DATA SECTION:
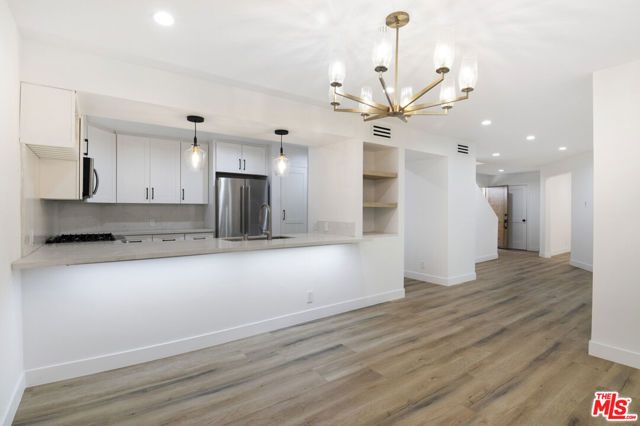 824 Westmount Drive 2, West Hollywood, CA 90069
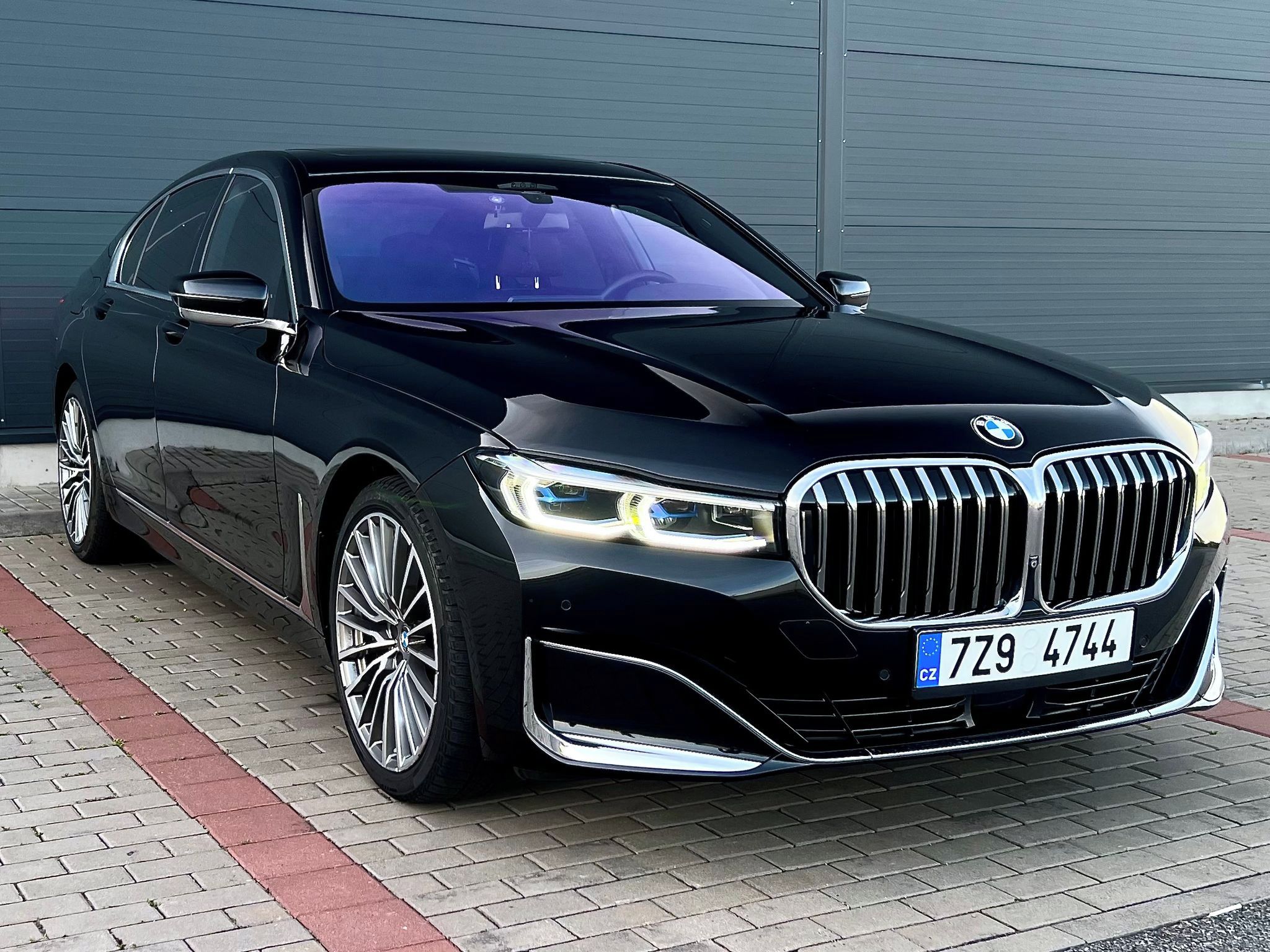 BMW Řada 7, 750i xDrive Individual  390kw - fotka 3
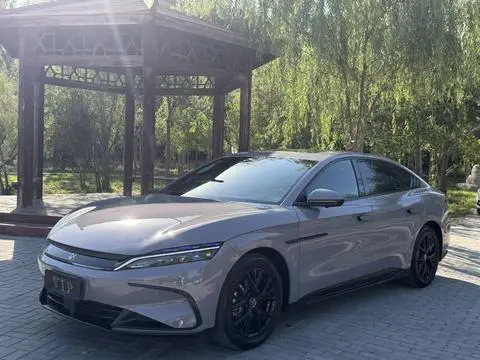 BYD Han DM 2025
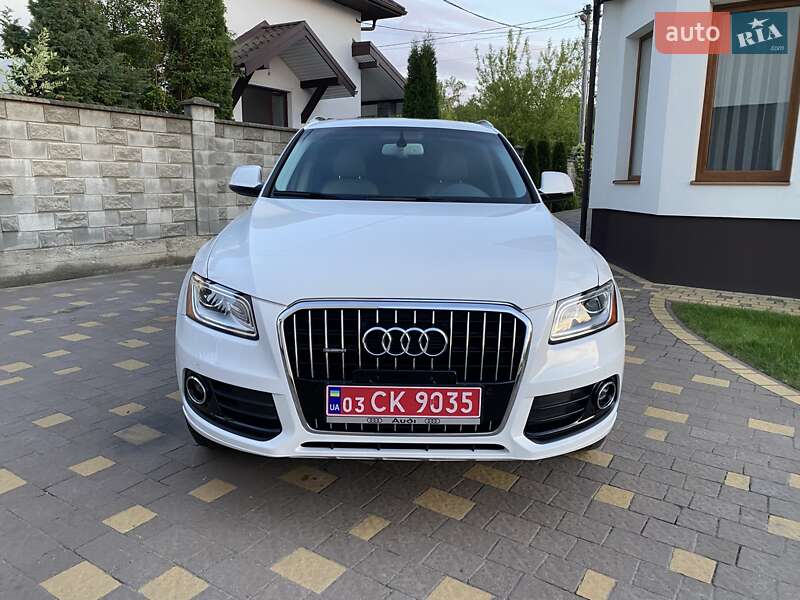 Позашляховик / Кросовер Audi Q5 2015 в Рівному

AIM OF THE TASK: The pictures should not be reproduced; quote all of the other material exactly.

REPLY TO THE EXERCISE:
 824 Westmount Drive 2, West Hollywood, CA 90069
 BMW Řada 7, 750i xDrive Individual  390kw - fotka 3
 BYD Han DM 2025
 Позашляховик / Кросовер Audi Q5 2015 в Рівному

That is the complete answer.